** Goal of the exercise **
Where a line holds the word "Forecast", copy that line from the data below.

** Supplied material **
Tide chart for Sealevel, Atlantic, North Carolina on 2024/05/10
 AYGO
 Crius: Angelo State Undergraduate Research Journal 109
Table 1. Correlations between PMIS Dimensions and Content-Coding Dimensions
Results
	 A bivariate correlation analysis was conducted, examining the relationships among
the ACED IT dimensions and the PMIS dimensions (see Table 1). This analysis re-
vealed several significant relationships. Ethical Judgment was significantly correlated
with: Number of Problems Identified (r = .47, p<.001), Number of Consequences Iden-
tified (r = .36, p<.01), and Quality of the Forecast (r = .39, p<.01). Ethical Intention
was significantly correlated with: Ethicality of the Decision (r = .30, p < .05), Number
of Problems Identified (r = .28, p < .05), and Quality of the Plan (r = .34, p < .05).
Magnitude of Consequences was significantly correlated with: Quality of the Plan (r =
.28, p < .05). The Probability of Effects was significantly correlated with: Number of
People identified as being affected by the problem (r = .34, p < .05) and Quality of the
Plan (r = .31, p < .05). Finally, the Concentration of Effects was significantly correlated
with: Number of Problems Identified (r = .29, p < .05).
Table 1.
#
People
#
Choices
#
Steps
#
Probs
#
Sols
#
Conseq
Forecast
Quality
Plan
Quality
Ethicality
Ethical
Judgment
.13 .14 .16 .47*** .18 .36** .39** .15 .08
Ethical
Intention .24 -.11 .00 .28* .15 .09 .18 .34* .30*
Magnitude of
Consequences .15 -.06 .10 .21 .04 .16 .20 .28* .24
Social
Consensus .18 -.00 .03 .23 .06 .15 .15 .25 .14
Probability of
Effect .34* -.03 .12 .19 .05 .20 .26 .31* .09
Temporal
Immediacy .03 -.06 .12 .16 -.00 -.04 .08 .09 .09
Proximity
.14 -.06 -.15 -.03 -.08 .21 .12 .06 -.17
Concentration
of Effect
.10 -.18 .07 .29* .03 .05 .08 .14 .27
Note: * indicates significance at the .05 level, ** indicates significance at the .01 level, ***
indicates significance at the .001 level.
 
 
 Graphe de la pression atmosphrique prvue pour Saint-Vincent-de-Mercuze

** Finished exercise **
tified (r = .36, p<.01), and Quality of the Forecast (r = .39, p<.01). Ethical Intention
Forecast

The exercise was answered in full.